Zucchini Congee
Zucchini Congee is a comforting and nutritious twist on the traditional Chinese rice dish, using zucchini as a low-carb alternative. Silky and savory, it captures the essence of congee while being light and healthy.

30 minutes
Difficulty: Easy
Chinese
150 kcal
Ingredients
- Zucchini - 400 grams, grated
- Cauliflower rice - 200 grams
- Vegetable broth - 500 ml
- Ginger - 1 teaspoon, minced
- Garlic - 1 clove, minced
- Soy sauce - 1 tablespoon
- Sesame oil - 1 teaspoon
- Spring onions - 2, chopped
- Salt - to taste
- White pepper - to taste
Steps
- In a pot, heat the vegetable broth over medium heat.
- Add the minced ginger and garlic, sautéing for about 2 minutes until fragrant.

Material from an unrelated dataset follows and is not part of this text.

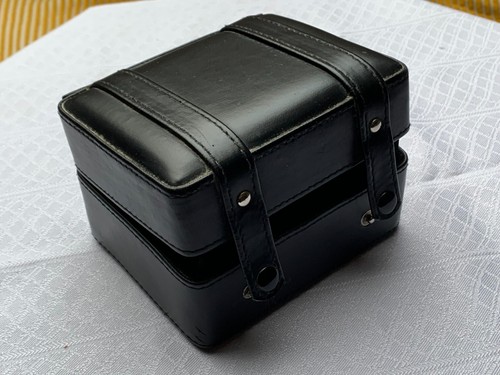 Black leather amadeus watch - black,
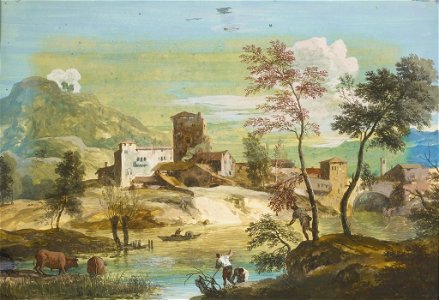 Marco Ricci (Belluno 1676-Venice 1730) - Landscape with a Foreground River and Buildings Beyond - RCIN 404305 - Royal Collection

- Stir in the grated zucchini and cauliflower rice, mixing well.
- Bring the mixture to a simmer, then reduce the heat and cook for about 15 minutes, stirring occasionally.
- Add the soy sauce, sesame oil, salt, and white pepper, and mix well.
- Continue to cook for another 5 minutes until the zucchini is tender and the congee has thickened to your desired consistency.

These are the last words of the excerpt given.